Our family celebrated Halloween in “Christian-approved” ways. We got to dress up every year for school, we played a game of finding candy around the house like Easter eggs, and of course we went to the Halloween Harvest Festivals (by the way, that’s fooling nobody) at the church.  So there was SOME fun around Halloween, but nothing scary was allowed.  I had to be a princess, doll, nurse or Biblical character – nothing satanic like a witch, ghost (not even the Holy Ghost) or superhero (unless it was Jesus).

SCAN0070
Ken & I headed to school on Halloween, circa 1973 maybe?

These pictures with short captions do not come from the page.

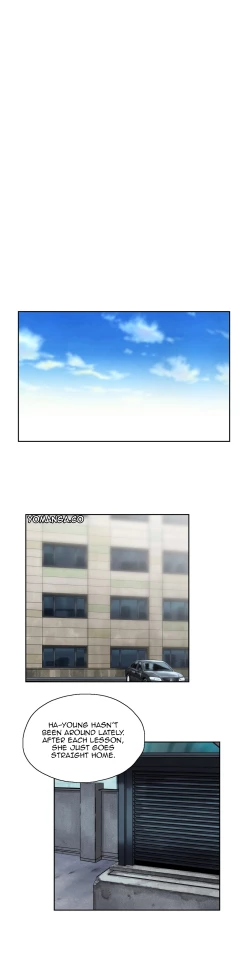 Page 254 of SStudy Ch.0-28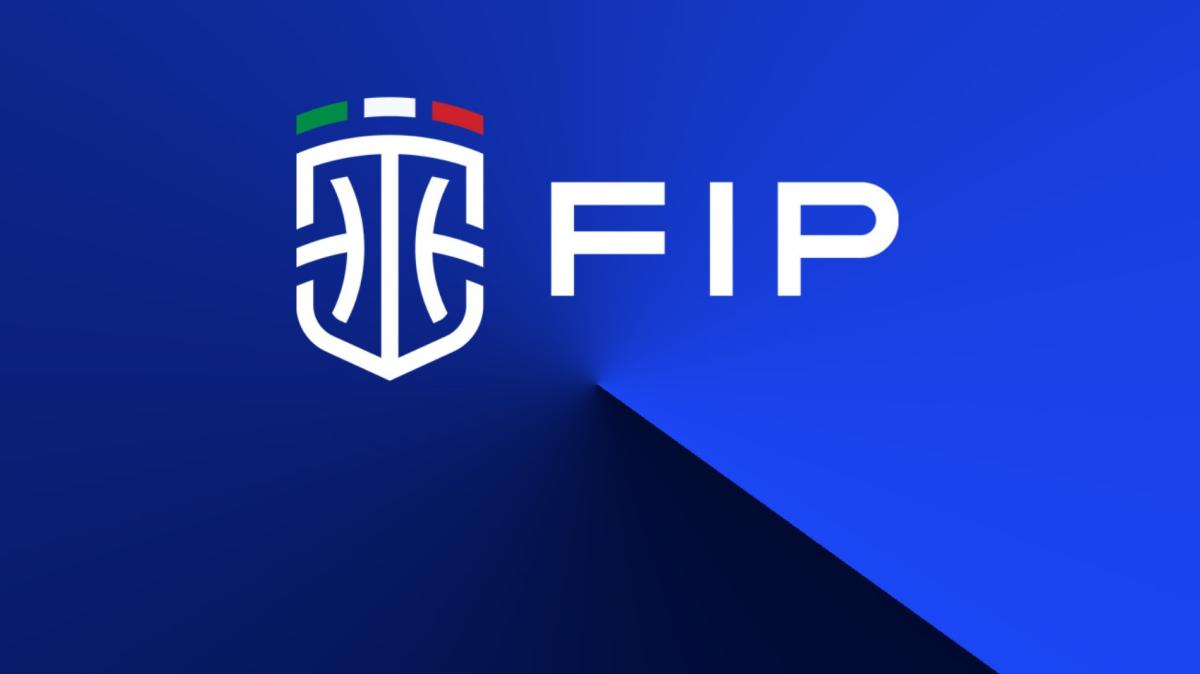 Trapani Shark. FIP: Conferito mandato ai legali per agire in tutte le sedi competenti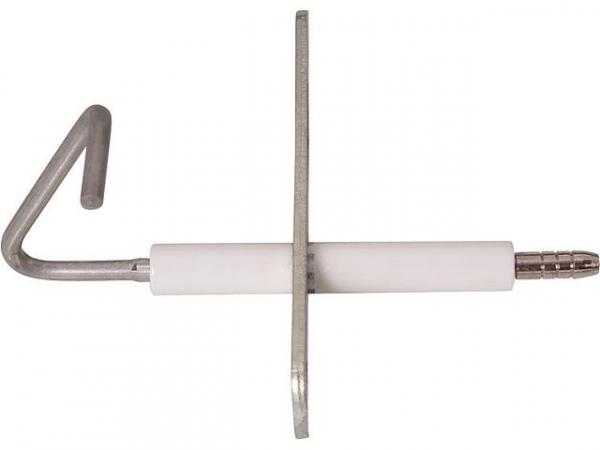 VIESSMANN 7819843 Ionisationselektrode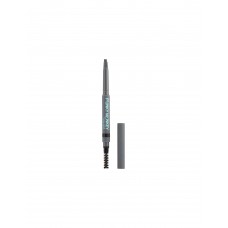 Карандаш для бровей тон 03 Funky Monkey Brow Pencil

So now, because I was so deprived as a child, I think I go overboard.  I dress up every year, and I decorate for Halloween as much or maybe more than I do for Christmas.  I have witches and ghosts and severed hands and all things “of the devil.”  I even have a haunted basement, people! What is wrong with me??

My recent costumes

And it’s not like I “learned from that experience” and made my parenting so much different.  Nope, I did all that shiz too. Sorry kids! But my daughter, who should have followed in my footsteps of becoming obsessed with Halloween and dressing up?  No, my grandson’s costume for two years in a row is a sheet with 2 eyeholes – how did I fail?

ghost1

Our next door neighbor, Lucy, who’s 4, also loves everything Halloween, or everything “spooky” as she calls it.  She frequently comes over and wants to see if I have put out anything new – “Do you have any new skelekens?” she asks, and while she’s scared of the basement, she still wants to go down there every time she visits. Yep, I can relate.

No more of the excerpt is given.